President Barack Obama favors a pragmatic management strategy. At the core, this measured approach strives for conciliation and eschews bare-knuckled zeal, which the president’s ideological adversaries, whether they are camped out on Wall Street or swilling bitter tea, believe betrays cowardice or disingenuousness or both.
Another election is barreling down on us, and I believe those who dispassionately evaluate Obama’s first term will be in a position to acknowledge progress on a number of fronts, foreign and domestic. We would all do well to consider those accomplishments before spending our votes. When history judges the 44th president of the United States, however, I hold out hope that humanity will have evolved to a point where it recognizes and begins to atone for his administration’s most unforgivable sin: omission.
At the end of his second term, George W. Bush walked away from a financial crisis, two unwinnable wars, and a disillusioned American public. He also left behind a crime scene. As Kathryn Sikkink writes in this month’s cover story (page 40), there is clear proof that the United States government engaged in torture and cruel and unusual punishment of detainees.

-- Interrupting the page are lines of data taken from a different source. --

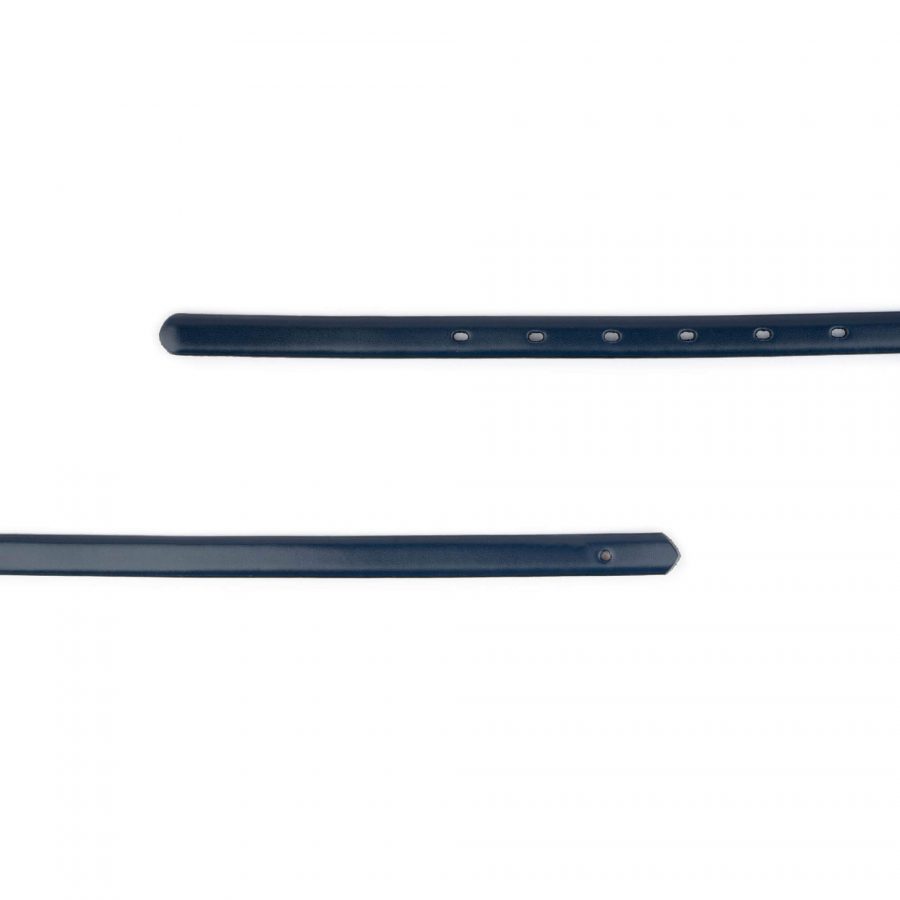 dark blue skinny belt strap replacement no buckle 2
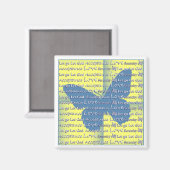 Slogan Butterfly Magneet (Voorkant / Achterkant)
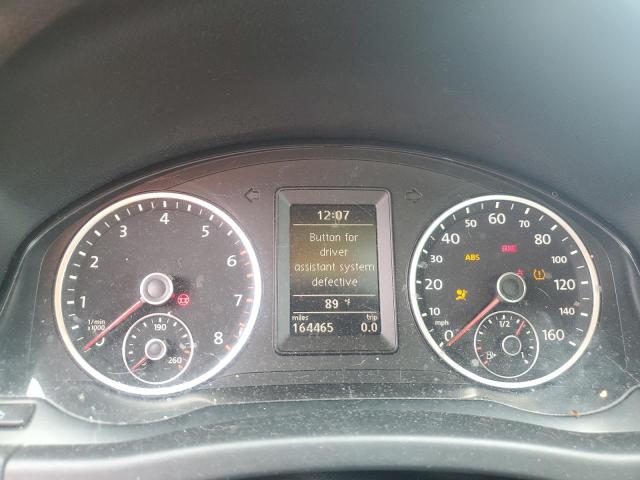 WVGAV7AX6CW559351 - 2012 VOLKSWAGEN TIGUAN S BLACK photo 9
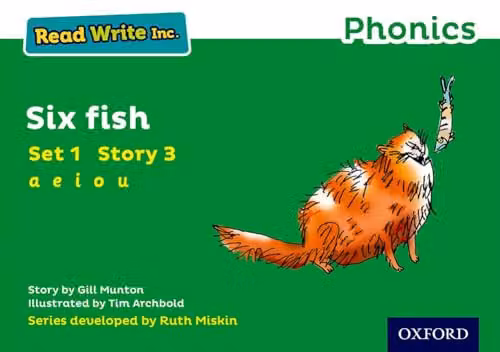 Read Write Inc. Phonics Six Fish Green Set 1 Storybook 3 by Oxford University Press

It’s also evident to anyone who is paying attention that Bush and his closest advisers, including former Secretary of Defense Donald Rumsfeld and Vice President Dick Cheney, not only approved of these horrors, they enthusiastically sanctioned the abuse.
Candidate Obama condemned waterboarding and other criminal torments that we now comfortably refer to as “enhanced interrogation.” A constitutional law professor, he also vowed to uphold the highest ideals in that document, shutter Guantánamo Bay, and stop government-sanctioned persecution and murder.